Saturday, August 05, 2006

If you don't do The Colossus...


... you might as well eat this delightful BBQ chicken wing from the KFC by the red light district on the Rue St Denis

Yes, that is blood. Squidgy, wet, icky blood. It squirted out when I bit into a "Wingdinger", which must be French for "Uncooked and bloody terrifying murder."

I didn't complain about potential death by salmonella because it was a bad enough ordeal merely saying "Un Menu Filet avec Pepsi, s'il vous plait". Sometimes the language barrier is truly unassailable. Even when your health is in serious danger.

So I took that photo. Just for you.

A taste of the horror I'm sure you will appreciate. (Don't worry, I'll put up pictures of buckets filled with kittens up soon; live, cute and purring ones that is. Not skinned and dead kitties).

It is nearly here
The Colossus has been tweaked to within one inch of its life and needs one or two tiny adjustments like an intricate greased engine before it is fully promoted (you ain't seen nothing yet) and sent out to all competitors.

For those of you who want more explanation, it is a 501-question quiz to be done in three hours (three and a half for people who don't have English as their first language) without any help whatsoever: no internet, no encyclopedias etc.

By the way, anyone who looks anything up deserves to have their toes twisted off with large, rusty pliers.

You can email thecolossusquiz@gmail.com to register your interest. I will eventually send you the quiz and you get about a month to do it and then return it via email or snail mail. I'm not sure when the deadline for entries will be, but you can certainly tell me you're interested RIGHT NOW.

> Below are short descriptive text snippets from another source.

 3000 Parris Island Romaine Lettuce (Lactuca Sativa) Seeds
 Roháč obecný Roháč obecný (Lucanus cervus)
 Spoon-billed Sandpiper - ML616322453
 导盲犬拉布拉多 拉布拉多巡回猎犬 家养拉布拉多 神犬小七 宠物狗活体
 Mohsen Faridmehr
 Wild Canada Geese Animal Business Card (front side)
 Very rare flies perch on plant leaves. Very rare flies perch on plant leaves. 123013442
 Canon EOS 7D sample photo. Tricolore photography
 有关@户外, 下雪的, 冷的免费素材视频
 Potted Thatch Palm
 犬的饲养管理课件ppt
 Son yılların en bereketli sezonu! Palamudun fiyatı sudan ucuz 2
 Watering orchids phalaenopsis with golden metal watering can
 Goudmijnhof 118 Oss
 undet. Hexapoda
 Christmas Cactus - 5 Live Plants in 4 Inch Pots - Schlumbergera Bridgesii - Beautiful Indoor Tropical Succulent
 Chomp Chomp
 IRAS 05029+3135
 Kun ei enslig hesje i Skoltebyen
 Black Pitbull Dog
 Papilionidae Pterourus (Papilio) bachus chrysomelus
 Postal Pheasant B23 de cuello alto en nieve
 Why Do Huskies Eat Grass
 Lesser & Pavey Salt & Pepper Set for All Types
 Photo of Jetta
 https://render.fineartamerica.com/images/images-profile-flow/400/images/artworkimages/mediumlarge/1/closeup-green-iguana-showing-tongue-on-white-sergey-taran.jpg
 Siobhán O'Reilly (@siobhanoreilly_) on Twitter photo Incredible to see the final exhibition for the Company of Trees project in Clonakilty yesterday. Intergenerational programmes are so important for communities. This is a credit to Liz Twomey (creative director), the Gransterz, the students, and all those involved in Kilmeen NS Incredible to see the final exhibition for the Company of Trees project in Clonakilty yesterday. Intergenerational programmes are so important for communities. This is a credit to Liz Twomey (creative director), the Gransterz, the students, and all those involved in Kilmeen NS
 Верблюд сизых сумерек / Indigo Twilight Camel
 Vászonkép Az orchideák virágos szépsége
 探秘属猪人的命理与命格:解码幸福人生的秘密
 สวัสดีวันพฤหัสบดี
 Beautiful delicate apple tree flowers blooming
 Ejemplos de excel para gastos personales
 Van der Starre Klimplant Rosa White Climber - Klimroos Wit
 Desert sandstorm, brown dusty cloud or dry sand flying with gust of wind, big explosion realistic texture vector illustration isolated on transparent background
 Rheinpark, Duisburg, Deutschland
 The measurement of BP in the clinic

NB Unlike The Monster Quiz this has not been set for a British audience but an international one. Therefore, there are no questions about the dreaded British soaps. (Yes, I was frightened by Crossroads too.)

The Test Subjects' Response
I have had three testers. This is what they said:

Steven De Ceuster, Founder and President of the Flemish Quiz Ranking, IQA Director Western Europe: "It is excellent"

Ken Jennings, Jeopardy all-time money winner: "Great quiz!"

Pat Gibson, Who Wants to Be a Millionaire million winner and reigning Mastermind champion: "Very, very good"

And they should know what they are talking about. Eh? EH?

If you have already emailed me
To all those who have already expressed interest and emailed themonsterquiz@gmail.com or thecolossusquiz@gmail.com, don't worry if I haven't acknowledged you by sending back an email. I'll get around to it when I come back from Edinburgh on Thursday (more on that later).

The Best of Me
If you don't do it I will be a mite disappointed (get out the hankies!). This is because I'm a little bit proud of it. It may even be my Dream of Gerontius. In quiz terms. It is markedly different to the BH quizzes, so don't be scared off by all the questions that litter this blog. They are not at all representative.

You know I always set for appropriate audiences. Unlike the BH questions, which are aimed solely at me, The Colossus questions are designed to please most quizzers and trivia-bods, or at least illuminate what was once obscured and murky.

It is far better than that rubbish British-biased Monster Quiz (Or perhaps I just got sick of looking at the same answer-sheet a hundred times). All those errors. I am shaking my head in remembrance.

Yet the MQ is the past. The Colossus Quiz is the big, bright future. Why not give it a hug?